Economy will take two years to bounce back

The National Institute of Economic and Social Research has warned that the economy will take another two years to recover from the pandemic. The think-tank said that GDP would expand by only 3.4% in 2021, down from an earlier forecast of 5.9%. It blamed “uncertainty about the path of the virus and the effectiveness of vaccines against strains.” Hande Kucuk, a deputy director at the institute, said that by 2025 the economy would still be about 6% lower than it would have been had COVID-19 never hit. The NIESR added that people would hold on to their savings because of fears about the economic outlook. Meanwhile, unemployment would rise as the job retention scheme ends. The jobless rate is expected to hit 7.5%, or 2.5m.

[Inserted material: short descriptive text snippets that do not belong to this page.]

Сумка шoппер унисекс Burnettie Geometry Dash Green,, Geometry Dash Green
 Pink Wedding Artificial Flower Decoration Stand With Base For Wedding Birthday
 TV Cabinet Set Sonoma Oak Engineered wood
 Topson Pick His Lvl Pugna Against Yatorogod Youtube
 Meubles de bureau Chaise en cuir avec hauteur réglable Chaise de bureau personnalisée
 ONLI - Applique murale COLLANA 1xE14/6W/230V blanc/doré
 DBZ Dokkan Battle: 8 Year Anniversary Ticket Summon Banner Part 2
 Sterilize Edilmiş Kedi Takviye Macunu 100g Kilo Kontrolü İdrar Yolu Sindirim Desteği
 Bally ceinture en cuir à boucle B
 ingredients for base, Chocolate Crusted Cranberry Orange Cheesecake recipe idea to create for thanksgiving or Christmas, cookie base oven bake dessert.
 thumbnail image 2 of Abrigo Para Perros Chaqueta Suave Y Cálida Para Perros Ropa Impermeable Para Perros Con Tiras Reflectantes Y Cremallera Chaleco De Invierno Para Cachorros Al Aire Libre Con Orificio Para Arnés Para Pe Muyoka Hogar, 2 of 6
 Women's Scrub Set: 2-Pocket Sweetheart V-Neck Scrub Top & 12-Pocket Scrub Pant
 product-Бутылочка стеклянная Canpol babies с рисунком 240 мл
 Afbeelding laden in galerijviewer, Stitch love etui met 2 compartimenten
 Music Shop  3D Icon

UK consumer spending slumps during latest lockdown

Consumer spending fell in January at the fastest rate in seven months, according to Barclaycard. Overall consumer spending shrank by 16.3% in year-on-year terms last month - much sharper than the 1.9% fall in November. Raheel Ahmed, head of consumer products at Barclays, said: “As the impact of the latest lockdown start to takes its toll, we’ve seen particular sectors struggle, as physical premises across the UK were forced to close.” Spending in supermarkets was up 17% while online spending rose 73% compared with January last year.